I recently stumbled on an interessting problem, when computing the fourier transform of a signal with np.fft.fft
. The reproduced problem is:
%timeit np.fft.fft(np.random.rand(59601))
1 loops, best of 3: 1.34 s per loop
I found that the amount of time is unexpectedly long. For instance lets look at some other fft's, but with a slightly longer/shorter signal:
%timeit np.fft.fft(np.random.rand(59600))
100 loops, best of 3: 6.18 ms per loop
%timeit np.fft.fft(np.random.rand(59602))
10 loops, best of 3: 61.3 ms per loop
%timeit np.fft.fft(np.random.rand(59603))
10 loops, best of 3: 113 ms per loop
%timeit np.fft.fft(np.random.rand(59604))

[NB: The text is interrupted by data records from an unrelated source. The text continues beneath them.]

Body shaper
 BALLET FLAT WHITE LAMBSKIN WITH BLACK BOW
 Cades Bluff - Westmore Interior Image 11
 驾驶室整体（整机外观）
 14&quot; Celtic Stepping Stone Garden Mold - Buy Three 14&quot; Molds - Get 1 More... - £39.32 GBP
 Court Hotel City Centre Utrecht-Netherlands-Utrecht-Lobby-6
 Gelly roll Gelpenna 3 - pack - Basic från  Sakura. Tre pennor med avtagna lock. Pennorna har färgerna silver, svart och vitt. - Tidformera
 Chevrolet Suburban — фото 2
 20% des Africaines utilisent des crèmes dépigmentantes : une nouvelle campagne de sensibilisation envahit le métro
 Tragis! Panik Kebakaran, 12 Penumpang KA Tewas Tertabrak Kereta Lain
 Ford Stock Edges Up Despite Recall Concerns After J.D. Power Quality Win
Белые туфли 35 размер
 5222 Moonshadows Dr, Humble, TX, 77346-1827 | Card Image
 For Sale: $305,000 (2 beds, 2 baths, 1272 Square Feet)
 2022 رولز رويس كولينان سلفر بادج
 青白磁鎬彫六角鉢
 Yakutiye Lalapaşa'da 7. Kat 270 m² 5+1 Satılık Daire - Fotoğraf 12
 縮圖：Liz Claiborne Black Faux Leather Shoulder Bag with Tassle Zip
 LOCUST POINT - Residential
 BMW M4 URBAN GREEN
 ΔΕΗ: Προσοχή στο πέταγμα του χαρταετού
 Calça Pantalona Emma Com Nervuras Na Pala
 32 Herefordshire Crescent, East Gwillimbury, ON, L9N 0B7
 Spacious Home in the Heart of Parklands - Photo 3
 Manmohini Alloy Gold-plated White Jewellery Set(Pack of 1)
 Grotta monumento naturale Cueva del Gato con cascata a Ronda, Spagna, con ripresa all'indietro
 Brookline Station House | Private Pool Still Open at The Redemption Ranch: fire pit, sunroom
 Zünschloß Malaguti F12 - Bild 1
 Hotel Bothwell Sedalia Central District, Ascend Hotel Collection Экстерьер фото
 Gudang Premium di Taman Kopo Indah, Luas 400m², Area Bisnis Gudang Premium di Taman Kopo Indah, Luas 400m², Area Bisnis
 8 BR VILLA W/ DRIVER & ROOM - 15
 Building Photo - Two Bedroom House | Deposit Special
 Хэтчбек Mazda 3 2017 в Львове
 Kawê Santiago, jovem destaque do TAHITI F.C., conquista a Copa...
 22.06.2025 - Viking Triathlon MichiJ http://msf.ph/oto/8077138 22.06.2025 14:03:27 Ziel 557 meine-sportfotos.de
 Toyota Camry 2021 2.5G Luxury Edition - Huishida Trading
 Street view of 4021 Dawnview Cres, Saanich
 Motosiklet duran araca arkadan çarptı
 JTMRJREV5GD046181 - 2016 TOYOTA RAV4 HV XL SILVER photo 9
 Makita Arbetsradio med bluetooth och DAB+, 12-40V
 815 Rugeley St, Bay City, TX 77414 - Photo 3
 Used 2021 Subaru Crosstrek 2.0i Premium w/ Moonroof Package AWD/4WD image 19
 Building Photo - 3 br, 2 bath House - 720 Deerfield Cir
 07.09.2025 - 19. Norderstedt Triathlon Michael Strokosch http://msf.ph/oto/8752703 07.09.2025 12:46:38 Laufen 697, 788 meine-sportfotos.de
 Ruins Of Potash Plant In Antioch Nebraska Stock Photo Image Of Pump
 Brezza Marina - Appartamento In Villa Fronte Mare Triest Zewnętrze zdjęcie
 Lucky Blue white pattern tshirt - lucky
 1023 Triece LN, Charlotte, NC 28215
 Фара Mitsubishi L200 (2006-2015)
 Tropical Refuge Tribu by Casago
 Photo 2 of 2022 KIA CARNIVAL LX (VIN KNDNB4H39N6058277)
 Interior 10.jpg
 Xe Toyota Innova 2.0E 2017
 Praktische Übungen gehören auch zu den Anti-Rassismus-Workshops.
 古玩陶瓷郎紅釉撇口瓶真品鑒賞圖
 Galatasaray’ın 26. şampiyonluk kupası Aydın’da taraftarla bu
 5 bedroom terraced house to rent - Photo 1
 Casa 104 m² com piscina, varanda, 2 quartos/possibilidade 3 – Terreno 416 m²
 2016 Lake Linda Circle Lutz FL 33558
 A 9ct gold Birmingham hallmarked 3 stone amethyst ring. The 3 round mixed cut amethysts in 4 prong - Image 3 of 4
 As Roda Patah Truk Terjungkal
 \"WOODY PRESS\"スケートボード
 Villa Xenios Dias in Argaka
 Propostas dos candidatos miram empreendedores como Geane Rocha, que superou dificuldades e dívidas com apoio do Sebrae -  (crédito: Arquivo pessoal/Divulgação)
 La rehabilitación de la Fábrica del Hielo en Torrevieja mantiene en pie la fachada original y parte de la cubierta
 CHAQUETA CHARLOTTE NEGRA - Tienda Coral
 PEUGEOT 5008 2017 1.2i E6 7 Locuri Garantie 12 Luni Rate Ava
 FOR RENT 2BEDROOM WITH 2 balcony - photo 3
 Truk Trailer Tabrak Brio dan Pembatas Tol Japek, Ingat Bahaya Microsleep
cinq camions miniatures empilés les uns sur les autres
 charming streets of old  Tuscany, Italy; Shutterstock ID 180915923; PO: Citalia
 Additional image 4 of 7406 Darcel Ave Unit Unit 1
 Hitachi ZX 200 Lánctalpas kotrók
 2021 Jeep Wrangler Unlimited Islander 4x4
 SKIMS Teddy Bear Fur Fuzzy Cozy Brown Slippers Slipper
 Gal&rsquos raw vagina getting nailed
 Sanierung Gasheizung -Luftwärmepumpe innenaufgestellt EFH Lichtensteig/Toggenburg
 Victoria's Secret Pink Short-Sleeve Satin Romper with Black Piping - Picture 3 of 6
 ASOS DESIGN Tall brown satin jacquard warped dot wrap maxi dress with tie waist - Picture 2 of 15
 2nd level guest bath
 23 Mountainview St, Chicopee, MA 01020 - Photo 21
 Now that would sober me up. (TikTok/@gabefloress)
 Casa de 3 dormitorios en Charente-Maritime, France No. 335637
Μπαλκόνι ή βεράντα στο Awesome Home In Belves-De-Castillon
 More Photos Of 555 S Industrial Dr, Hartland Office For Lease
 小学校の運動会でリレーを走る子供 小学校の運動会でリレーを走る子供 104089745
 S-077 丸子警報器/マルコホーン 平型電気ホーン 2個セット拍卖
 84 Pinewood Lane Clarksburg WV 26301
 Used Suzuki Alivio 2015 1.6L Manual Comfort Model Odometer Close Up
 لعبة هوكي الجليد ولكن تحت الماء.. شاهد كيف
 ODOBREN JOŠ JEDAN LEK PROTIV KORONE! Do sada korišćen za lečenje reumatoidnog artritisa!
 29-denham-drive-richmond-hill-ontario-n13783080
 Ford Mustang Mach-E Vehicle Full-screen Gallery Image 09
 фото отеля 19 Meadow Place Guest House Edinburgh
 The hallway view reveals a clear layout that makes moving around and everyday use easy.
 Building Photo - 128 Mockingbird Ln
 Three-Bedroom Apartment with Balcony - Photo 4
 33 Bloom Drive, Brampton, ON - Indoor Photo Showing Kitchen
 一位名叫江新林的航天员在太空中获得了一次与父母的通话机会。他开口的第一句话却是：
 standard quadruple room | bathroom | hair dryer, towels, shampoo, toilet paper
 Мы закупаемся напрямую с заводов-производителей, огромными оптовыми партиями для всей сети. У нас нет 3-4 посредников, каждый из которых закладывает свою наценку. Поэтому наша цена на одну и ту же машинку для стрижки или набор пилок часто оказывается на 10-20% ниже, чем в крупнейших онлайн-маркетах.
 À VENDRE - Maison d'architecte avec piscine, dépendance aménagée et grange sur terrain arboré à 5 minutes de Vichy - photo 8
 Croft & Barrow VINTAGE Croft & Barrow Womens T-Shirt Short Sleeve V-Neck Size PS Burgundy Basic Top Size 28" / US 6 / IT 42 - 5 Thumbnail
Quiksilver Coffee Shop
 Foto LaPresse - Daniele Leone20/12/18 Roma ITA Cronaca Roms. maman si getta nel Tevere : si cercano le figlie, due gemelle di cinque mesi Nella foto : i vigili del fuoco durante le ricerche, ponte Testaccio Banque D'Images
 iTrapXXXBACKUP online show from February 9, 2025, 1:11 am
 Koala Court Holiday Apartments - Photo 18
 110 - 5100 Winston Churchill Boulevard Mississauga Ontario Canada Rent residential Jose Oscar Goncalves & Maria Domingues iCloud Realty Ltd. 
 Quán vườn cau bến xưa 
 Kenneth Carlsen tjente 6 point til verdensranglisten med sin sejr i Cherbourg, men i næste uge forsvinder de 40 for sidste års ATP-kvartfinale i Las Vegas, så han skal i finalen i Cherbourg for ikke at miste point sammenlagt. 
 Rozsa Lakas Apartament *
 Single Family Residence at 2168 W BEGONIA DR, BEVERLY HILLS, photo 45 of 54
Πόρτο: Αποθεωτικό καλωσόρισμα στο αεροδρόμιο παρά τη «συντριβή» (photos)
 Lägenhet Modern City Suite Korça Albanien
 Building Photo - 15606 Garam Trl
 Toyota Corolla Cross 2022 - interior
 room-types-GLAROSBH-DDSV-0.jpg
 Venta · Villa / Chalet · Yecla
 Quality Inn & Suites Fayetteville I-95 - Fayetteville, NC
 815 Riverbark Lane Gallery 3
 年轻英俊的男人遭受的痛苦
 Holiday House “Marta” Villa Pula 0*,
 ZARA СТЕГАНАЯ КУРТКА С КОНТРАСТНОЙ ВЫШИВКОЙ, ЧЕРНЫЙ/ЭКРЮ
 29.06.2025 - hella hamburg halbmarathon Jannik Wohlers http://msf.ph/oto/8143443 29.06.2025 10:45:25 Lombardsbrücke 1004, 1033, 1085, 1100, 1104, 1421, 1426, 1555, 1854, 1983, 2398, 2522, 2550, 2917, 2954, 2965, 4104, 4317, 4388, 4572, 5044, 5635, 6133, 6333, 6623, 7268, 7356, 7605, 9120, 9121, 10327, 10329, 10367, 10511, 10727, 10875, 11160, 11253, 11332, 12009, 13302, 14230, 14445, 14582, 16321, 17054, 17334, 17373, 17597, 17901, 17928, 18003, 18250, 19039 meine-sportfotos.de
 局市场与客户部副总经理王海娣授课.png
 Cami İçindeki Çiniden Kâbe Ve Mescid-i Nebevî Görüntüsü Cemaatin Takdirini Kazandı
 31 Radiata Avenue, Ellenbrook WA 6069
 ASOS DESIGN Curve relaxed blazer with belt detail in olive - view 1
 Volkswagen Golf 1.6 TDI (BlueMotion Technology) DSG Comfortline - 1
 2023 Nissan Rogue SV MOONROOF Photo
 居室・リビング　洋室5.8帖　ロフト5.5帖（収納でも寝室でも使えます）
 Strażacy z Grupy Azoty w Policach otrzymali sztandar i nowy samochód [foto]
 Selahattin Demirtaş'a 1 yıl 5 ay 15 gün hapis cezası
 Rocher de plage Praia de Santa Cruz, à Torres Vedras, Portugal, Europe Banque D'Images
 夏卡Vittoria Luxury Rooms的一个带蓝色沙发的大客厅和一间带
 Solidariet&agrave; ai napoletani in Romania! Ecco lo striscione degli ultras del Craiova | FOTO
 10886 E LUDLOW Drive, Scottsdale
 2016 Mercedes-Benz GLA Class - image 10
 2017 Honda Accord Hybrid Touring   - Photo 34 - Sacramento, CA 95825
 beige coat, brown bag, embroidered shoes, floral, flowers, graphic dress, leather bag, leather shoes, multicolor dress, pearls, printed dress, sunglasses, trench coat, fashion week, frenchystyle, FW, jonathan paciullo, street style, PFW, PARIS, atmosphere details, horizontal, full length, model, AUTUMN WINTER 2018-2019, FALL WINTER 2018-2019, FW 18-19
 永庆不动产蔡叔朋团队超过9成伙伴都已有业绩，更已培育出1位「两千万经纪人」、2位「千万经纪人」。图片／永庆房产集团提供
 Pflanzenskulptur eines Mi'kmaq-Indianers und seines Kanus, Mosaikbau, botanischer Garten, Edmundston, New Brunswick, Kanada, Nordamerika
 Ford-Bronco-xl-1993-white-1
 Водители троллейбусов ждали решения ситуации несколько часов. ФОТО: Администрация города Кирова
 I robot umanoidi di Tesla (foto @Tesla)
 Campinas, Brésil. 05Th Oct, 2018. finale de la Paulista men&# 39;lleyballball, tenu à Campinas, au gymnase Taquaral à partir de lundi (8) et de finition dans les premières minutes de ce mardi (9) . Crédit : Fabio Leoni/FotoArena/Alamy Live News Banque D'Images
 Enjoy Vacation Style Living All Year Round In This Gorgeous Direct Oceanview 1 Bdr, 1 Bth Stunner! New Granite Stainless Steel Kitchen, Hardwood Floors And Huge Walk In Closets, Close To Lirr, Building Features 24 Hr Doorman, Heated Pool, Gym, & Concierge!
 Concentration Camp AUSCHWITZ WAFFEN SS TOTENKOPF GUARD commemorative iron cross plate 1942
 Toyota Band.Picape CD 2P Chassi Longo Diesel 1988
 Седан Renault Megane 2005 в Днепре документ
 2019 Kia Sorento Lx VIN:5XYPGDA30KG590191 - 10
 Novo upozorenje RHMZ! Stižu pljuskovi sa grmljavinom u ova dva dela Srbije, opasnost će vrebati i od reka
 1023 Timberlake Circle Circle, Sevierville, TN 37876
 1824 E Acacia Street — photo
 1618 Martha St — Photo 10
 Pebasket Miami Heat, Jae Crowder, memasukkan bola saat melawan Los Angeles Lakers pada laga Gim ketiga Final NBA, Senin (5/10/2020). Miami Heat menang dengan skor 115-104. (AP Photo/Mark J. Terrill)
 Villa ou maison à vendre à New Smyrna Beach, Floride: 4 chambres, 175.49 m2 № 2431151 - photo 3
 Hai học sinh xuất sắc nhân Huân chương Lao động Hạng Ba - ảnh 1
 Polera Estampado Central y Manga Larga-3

1 loops, best of 3: 182 ms per loop
%timeit np.fft.fft(np.random.rand(59605))
100 loops, best of 3: 6.53 ms per loop
%timeit np.fft.fft(np.random.rand(59606))
1 loops, best of 3: 2.17 s per loop
%timeit np.fft.fft(np.random.rand(59607))
100 loops, best of 3: 8.14 ms per loop
We can observe that the times are now in miliseconds, except for np.random.rand(59606)
, which lasts 2.17 s.
Note, the numpy documentation states:
FFT (Fast Fourier Transform) refers to a way the discrete Fourier Transform (DFT) can be calculated efficiently, by using symmetries in the calculated terms. The symmetry is highest when n is a power of 2, and the transform is therefore most efficient for these sizes.
However these vectors do not have the length of a power of 2. Could someone explain how to avoid/predict cases, when computation times are considerably higher?